The original game created a coherent and detailed setting, but didn't provide much in the way of back story. In Half Life 2, things are different: not only is there massive, well realised setting, filled with different characters, but many mysterious events have taken place since the end of Half Life 1, when Gordon accepted the G-Man's offer.

We aren't told what Gordon might have been doing since the end of HL1, indeed, for all we know he has been frozen in stasis, or sent forward in time immediately from the end of HL1. Gordon as ever is uncommunicative, and doesn't speak a single word throughout the game. The end result is that you as the player never learn what has happened to him between the games. However, the game characters are quite eager to tell you what's been going on in their lives since the original Black Mesa incident.

Though it's obvious at the start that you are entering a dark dystopian future that borrows heavily from Orwell's 1984 and the bleaker fictions of Philip K Dick, with a healthy dose of 'homeland security' thrown in for good measure. Later on, War of the Worlds and Arthurian legend start to show their influences. In the end HL2, despite is numerous and obvious inspriations, creates such a dark and potent mix of elements that it becomes a unique entity that fuses themes and ideas in a way that will be emulated for years to come.

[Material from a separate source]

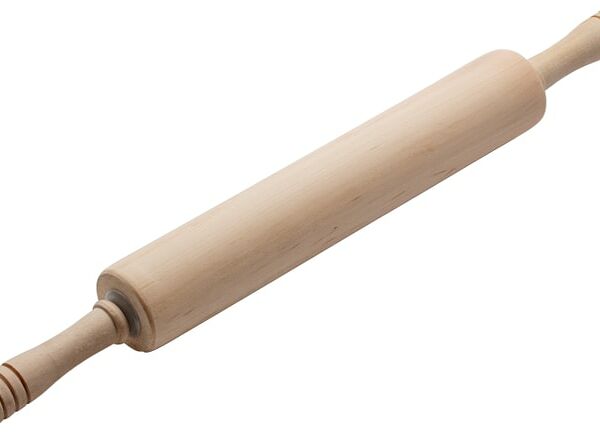 Скалка Apollo Roll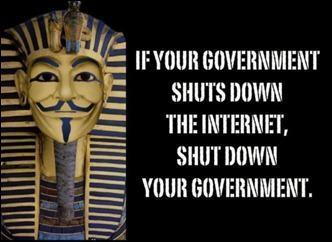 your-government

The powerful emotions that the sinister setting conjures up bring meaning and interest to the story, even when Gordon's own involvement remains extremely simple. The last remnants of humanity battle against an oppressive regime, ostensibly run by collaborators, but in fact run directly by the sinister alien forces that act as puppet masters for the wretched 'leader' Doctor Breen. That the aliens are called 'the Combine' only enhances the idea that they are a monstrous force whose only purpose is to harvest and consume life on an enormous scale.

The actions of the various characters that Gordon meets reinforce the idea that he is an important individual of heroic import, and this helps to provide a sense of satisfaction with and recognition of the player's achievements as progress in made through the game. The presence of the G-Man, hints at the possibility of an ultimate future victory, or at least a slender chance to fix what went wrong.

In short, should Gordon's quest prove unsuccessful, humanity will be methodically destroyed and modified into a servitor race for the enigmatic forces of the Combine that have invaded the earth. As Gordon Freeman you must repeatedly achieve the impossible, and of course you succeed against tremendous odds, which is extremely satisfying.

Game Play

When it comes to game play, HL2 is outwardly very similar to HL1. However, things generally move along more quickly with a greater density of new experiences. You don't have time to become bored of an area before it's over and you're on to something new.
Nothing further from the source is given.